Vorderhand muss sich die 29-Jährige ohnehin mit den handfesteren Themen der Kantonspolitik befassen, es geht um die Steuerbelastung, das Schulwesen oder den Ausbau des öffentlichen Verkehrs. Aufgrund ihres guten Abschneidens im ersten Wahlgang tritt Dittli auch im zweiten an – damit ist im Vorfeld nicht gerechnet worden. Die Entscheidung fällt am 10. April.

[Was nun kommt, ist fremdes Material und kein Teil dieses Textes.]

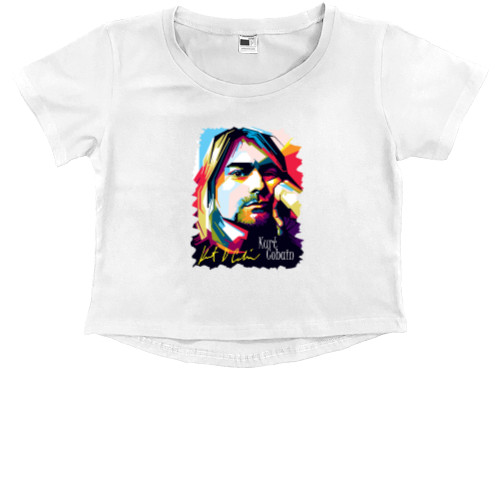 Kids' Premium Cropped T-Shirt - Nirvana 4 - Mfest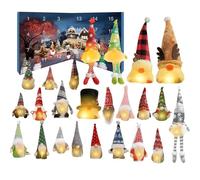 Calendario 'Avvento dei letini di Natale - 24 giorni Decorazioni per feste - Ornamento collezionabile - Per la decorazione della casa, 'ufficio, del, dello scaffale,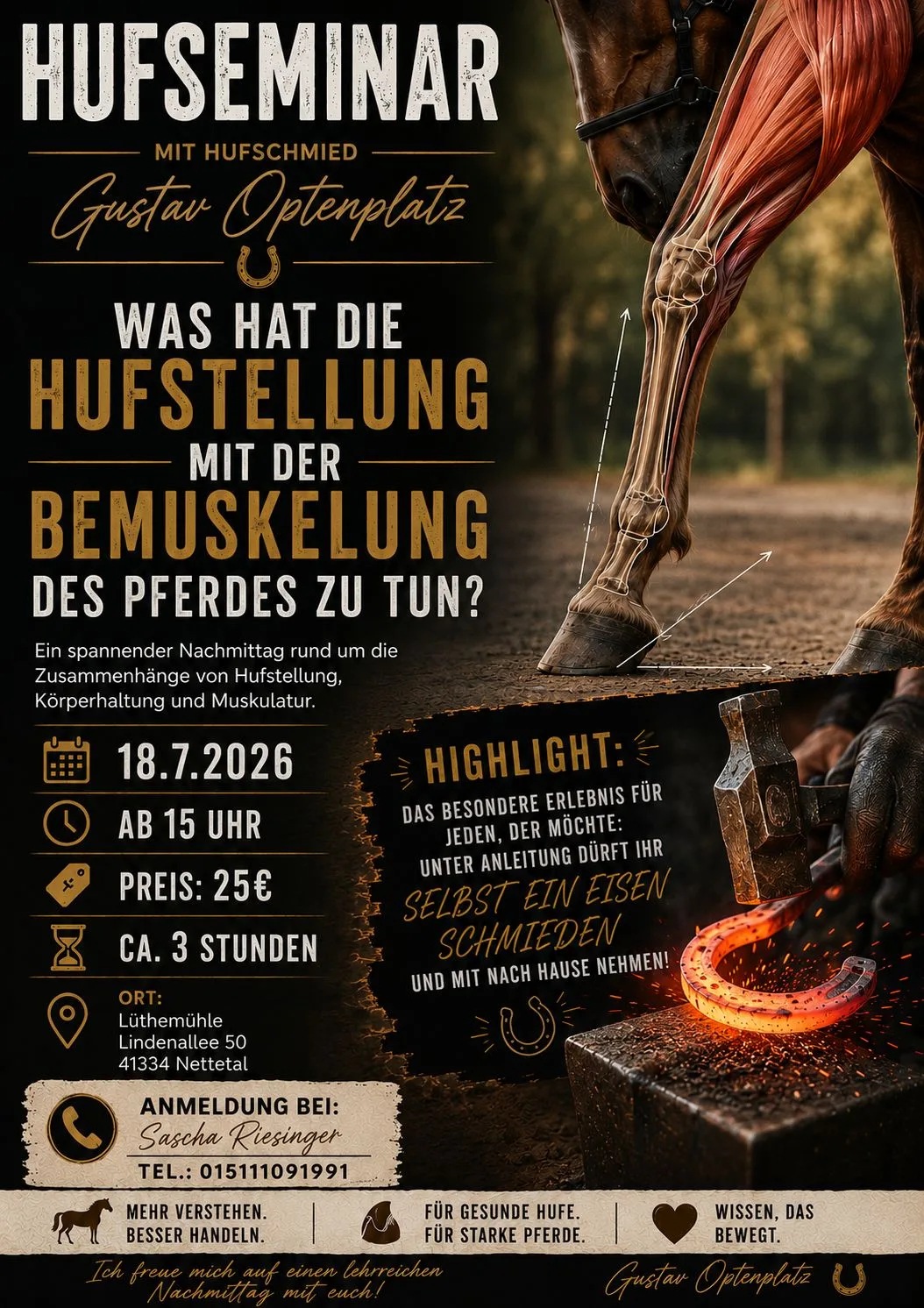 Hufseminar mit Gustav Optenplatz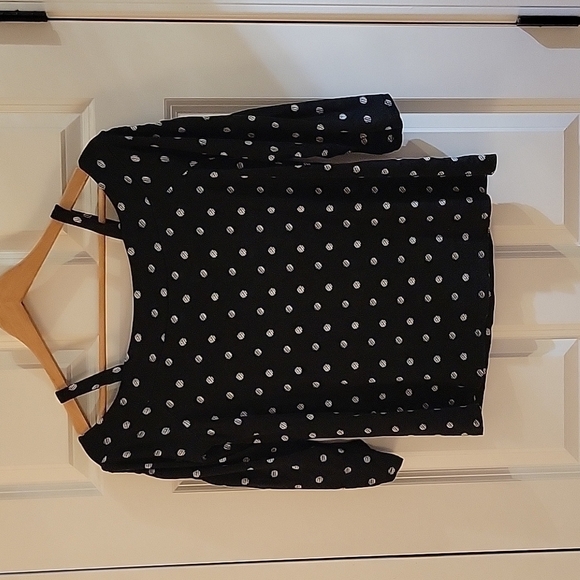 Cable & Gauge black and white polka dot top - Picture 1 of 8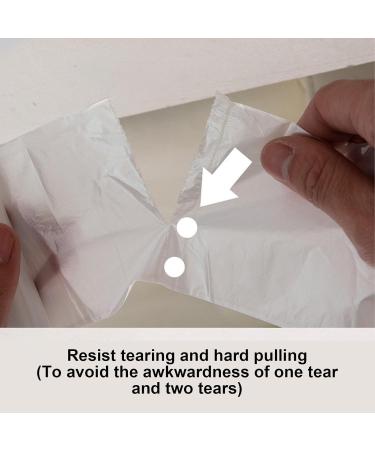 Garbage Bags | 1 Roll/Strong Unscented Garbage Bags Desktop Trash Can Wastebasket Liners for Kitchen Bedroom Living Room Dormitory Car Offices - Buy Online on SooperMarket.com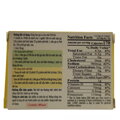 Zadná strana obalu vietnamského bujónu Pho Ga. Na pravej strane sa nachádza tabuľka s nutričnými hodnotami (Nutrition Facts), kde je uvedená energetická hodnota 170 kalórií a zastúpenie jednotlivých živín. Ľavá strana obsahuje vietnamský text s podrobným 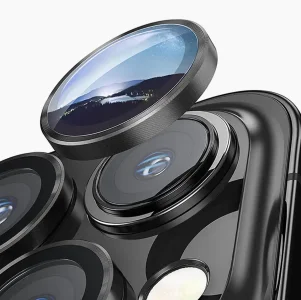 iPhone 12 Pro Camera Lens Protector - Black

Progresuisse wird auf Eis gelegt

fum. Wohin die Reise in der Europapolitik geht, ist derzeit nicht absehbar. Darum wird die Organisation Progresuisse, die in letzter Zeit ohnehin kaum mehr in Erscheinung getreten ist, vorläufig auf Eis gelegt. Die knapp 300 Sympathisanten, die sich mit einem Statement auf der Website zitieren lassen haben, erhalten dieser Tage ein entsprechendes Schreiben von der Geschäftsstelle. «Da wir Progresuisse nicht als Policy Maker verstehen, sondern als Stimme der Wirtschaft und der Wissenschaft für stabile Beziehungen mit der EU, sehen wir derzeit keine Mission für Progresuisse. Wir möchten darum Progresuisse für den Moment pausieren lassen», heisst es darin. Sobald eine klare Zielsetzung zur Debatte stehe, werde man sich neu neu formieren und wieder aktiv werden.